The next step in his artistic journey came in 2009 when Tommey, his wife Tanya and their five-year-old son took advantage of the 2008 economic crash to reflect on what they really wanted in life and moved from Atlanta to Asheville, NC. Having done the hard work on both the inside and out, Tommey’s career really began to accelerate once his family arrived in the mountains. Blending his aptitude for marketing and business with some deep soul searching and inner healing work, Tommey’s success was recognized by the Smithsonian as an American artist under 40 within two years of being in Asheville.
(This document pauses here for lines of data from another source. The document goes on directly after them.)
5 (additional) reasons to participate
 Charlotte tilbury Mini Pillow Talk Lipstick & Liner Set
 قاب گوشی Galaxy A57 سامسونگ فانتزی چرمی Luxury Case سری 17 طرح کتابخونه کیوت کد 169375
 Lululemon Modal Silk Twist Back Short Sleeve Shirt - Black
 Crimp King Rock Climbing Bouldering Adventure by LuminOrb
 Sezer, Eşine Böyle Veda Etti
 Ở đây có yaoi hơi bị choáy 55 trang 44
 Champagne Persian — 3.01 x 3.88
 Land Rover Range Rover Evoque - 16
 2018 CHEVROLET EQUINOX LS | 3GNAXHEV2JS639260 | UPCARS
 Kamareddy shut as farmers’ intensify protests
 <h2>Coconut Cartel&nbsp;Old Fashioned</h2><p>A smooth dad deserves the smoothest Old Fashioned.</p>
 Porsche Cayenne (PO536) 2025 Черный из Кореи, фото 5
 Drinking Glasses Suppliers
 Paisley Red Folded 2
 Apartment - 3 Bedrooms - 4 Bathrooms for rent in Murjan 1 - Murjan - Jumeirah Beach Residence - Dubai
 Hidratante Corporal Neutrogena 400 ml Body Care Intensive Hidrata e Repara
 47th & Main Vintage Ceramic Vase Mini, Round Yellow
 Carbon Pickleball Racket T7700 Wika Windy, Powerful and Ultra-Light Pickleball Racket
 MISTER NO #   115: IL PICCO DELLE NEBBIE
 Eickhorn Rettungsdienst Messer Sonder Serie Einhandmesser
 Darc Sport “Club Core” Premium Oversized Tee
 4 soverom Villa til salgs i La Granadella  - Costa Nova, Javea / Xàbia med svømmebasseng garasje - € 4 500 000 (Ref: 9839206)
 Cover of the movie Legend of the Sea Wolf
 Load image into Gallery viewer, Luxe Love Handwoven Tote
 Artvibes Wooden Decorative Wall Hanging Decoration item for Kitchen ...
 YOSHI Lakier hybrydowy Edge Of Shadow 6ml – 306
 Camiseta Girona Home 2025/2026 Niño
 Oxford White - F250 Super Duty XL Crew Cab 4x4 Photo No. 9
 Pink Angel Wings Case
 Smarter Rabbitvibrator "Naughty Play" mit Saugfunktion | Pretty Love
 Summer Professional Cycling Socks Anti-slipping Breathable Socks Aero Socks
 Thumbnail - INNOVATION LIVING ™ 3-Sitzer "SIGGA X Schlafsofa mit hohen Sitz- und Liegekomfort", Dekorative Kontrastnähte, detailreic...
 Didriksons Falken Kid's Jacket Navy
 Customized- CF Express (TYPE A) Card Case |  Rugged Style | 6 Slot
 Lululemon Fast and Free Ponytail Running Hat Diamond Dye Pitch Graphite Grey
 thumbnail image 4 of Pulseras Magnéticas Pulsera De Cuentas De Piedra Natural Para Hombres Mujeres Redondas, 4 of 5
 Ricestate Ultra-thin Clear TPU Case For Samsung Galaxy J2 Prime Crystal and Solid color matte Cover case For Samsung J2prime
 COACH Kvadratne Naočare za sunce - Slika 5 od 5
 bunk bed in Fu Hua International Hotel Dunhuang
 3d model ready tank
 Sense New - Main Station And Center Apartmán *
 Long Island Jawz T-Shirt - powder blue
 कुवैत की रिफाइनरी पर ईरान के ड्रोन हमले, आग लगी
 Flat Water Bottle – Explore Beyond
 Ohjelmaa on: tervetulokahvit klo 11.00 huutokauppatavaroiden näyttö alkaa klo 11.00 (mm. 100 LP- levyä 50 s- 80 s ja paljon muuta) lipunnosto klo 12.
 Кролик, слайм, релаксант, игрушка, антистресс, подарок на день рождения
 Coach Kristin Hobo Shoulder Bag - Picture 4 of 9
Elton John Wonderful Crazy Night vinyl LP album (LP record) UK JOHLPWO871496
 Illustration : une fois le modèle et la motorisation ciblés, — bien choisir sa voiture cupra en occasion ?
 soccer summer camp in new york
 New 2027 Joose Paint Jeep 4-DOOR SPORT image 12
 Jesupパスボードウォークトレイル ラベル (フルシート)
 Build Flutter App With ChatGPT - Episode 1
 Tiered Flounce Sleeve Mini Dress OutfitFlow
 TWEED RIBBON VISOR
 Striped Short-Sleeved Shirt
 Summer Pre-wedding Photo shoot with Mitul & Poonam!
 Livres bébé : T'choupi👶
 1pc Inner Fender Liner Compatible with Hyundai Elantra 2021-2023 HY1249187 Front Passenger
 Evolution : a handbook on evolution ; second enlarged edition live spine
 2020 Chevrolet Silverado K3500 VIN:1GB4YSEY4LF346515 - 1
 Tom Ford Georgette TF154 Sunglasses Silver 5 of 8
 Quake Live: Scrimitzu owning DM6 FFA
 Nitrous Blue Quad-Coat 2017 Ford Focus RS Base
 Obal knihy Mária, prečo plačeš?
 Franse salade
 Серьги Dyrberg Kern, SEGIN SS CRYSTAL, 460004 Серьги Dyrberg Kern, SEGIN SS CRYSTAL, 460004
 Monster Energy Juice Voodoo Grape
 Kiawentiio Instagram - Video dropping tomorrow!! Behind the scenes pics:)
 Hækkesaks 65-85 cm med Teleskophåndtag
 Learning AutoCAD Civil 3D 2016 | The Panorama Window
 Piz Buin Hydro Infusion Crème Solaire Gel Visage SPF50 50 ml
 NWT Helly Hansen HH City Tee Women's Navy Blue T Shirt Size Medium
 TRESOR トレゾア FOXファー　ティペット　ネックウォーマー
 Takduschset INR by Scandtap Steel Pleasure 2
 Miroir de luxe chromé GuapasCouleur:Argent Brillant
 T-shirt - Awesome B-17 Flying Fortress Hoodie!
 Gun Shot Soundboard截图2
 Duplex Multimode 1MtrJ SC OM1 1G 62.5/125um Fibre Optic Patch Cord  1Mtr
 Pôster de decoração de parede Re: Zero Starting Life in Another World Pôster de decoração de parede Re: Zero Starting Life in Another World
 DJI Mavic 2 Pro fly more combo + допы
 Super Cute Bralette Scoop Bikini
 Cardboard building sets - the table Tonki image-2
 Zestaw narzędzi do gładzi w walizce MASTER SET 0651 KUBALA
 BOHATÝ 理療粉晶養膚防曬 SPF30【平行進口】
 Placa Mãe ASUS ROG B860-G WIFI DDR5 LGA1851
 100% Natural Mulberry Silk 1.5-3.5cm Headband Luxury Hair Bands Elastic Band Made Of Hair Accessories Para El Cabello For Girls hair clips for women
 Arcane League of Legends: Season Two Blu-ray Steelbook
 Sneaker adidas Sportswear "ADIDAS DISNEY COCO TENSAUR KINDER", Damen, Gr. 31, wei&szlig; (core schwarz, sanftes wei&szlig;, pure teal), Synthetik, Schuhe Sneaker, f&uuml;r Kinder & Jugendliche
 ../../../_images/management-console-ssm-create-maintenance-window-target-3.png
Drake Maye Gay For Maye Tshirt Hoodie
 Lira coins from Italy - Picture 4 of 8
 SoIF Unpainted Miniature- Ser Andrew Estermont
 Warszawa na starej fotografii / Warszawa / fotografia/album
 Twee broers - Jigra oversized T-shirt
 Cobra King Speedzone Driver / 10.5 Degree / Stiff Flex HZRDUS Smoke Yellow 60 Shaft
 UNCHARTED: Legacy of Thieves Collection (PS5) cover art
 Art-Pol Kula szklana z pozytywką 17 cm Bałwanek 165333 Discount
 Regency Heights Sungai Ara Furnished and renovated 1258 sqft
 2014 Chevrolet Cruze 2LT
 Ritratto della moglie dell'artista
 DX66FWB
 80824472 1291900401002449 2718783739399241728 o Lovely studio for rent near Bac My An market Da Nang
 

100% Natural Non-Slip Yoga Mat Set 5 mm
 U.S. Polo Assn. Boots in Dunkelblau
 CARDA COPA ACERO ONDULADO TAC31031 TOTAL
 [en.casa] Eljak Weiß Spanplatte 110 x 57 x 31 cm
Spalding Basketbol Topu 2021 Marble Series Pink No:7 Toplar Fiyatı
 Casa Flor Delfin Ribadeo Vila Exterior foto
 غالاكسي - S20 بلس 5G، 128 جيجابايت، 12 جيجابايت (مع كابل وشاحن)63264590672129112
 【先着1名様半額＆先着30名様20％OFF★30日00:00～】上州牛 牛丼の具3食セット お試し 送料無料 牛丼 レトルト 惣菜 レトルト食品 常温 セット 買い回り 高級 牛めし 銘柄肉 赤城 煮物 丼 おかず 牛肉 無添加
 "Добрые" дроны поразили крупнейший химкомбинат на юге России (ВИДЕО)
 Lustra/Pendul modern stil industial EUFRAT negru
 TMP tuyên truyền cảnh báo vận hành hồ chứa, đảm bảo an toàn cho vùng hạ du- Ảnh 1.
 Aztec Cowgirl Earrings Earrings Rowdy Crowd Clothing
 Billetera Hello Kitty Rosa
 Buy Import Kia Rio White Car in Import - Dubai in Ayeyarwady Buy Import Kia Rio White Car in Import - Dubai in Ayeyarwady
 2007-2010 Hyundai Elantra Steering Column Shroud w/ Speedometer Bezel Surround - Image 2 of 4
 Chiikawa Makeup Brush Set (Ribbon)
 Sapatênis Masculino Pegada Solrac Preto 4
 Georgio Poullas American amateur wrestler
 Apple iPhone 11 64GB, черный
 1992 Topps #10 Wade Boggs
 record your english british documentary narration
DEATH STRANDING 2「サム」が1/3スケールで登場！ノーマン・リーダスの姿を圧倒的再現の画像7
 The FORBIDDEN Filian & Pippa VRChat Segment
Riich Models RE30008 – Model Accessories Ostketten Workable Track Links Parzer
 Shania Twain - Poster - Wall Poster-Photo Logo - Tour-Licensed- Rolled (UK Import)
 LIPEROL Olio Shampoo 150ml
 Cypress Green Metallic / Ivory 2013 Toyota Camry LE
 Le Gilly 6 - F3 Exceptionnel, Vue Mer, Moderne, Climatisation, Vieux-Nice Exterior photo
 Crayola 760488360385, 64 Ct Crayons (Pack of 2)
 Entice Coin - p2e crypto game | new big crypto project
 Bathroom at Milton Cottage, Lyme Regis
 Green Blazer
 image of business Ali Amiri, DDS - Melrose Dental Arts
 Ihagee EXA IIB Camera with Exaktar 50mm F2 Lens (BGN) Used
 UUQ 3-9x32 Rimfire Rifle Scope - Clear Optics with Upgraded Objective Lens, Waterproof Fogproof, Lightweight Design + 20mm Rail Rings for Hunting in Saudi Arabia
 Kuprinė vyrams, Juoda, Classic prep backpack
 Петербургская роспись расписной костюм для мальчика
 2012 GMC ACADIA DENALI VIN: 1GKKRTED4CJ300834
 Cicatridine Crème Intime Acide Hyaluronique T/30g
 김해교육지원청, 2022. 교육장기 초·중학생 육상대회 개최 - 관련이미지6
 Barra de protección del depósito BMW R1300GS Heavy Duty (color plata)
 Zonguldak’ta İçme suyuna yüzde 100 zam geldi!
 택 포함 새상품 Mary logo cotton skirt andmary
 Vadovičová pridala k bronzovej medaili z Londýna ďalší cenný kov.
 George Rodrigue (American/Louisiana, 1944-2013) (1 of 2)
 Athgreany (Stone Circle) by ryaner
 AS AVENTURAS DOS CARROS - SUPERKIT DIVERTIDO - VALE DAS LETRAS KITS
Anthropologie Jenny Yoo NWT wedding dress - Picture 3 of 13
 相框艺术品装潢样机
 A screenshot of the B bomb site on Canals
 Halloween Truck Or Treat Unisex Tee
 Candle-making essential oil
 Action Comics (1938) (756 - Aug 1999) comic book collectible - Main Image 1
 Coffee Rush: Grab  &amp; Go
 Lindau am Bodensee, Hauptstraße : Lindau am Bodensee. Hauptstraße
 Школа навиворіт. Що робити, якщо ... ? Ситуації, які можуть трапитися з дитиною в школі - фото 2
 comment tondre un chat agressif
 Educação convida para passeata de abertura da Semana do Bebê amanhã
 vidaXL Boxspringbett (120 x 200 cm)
“Once we were in Asheville, I experienced this beautiful season of convergence where everything came together. The combination of abundant nature and luxury mountain homes allowed me to recognize where my art was going to land,” explains Tommey. From wall hangings reminiscent of pods and nests to tabletop and mantelpieces, every nature-inspired creation from this artist’s vast body of work is one of a kind. Responding to specific locations and even gathering materials from his clients’ own back yards, Tommey weaves honeysuckle, kudzu, branches and bark into stunning sculptures that exude both the peace of the elements and refinement of luxury living. He also integrates copper, metal and encaustic wax into some of his visions, creating pieces of all shapes and sizes.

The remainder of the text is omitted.